When the I-85 Bridge was out of commission for six weeks, MARTA proponents hoped the catastrophe would mark a permanent collective shift toward public transit. The closure of one of Atlanta’s most important vehicular arteries was a prime opportunity to introduce those accustomed to commuting by car to alternative forms of transit – and the initial spike in ridership by 25 percent looked promising.
Most rail stations saw increases in weekly ridership, with one DeKalb County station seeing the biggest uptick, according to an Atlanta Regional Commission report.
The Brookhaven station’s numbers ballooned by nearly 67 percent, far above the overall 11.5 percent increase at all stations, the ARC found.
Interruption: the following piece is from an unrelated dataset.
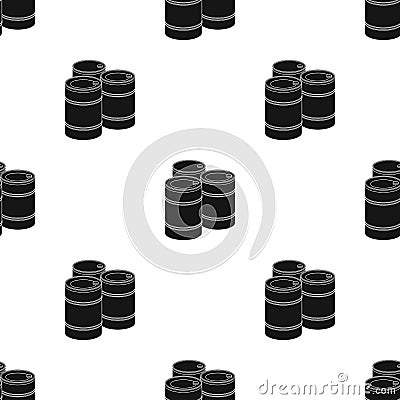 Barricade of empty barrels.Paintball single icon in black style vector symbol stock illustration web. Vector Illustration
Second was the Dome/GWCC/Philips Arena/CNN Center station, with almost 57 percent. Next was Sandy Springs at 43 percent.
The analysis compared ridership rates from March 24-31, the day after the collapse, to March 31-April 29.
All but six stations saw an increase in ridership in that time, though some saw only small increases, the ARC found.
Since the road reopened in May, however, the majority of commuters have returned to their old ways, with ridership falling to pre-collapse levels.
While the quick repair of the road was cheered on by the droves of mostly suburban commuters who were impacted by the closure, the relatively short outage meant that alternatives such as telecommuting and flex hours were viable tactics to survive the six-week outage in the interim..
Factors for the abandonment of public transit since the reopening probably have a lot to do with the short duration of the closure, and the fact that MARTA simply doesn’t serve many areas beyond the urban core. It will take more than a temporary transportation meltdown to get Atlantans on MARTA. Increased reliability, frequency, and destinations served will be key in convincing metro residents to get on board.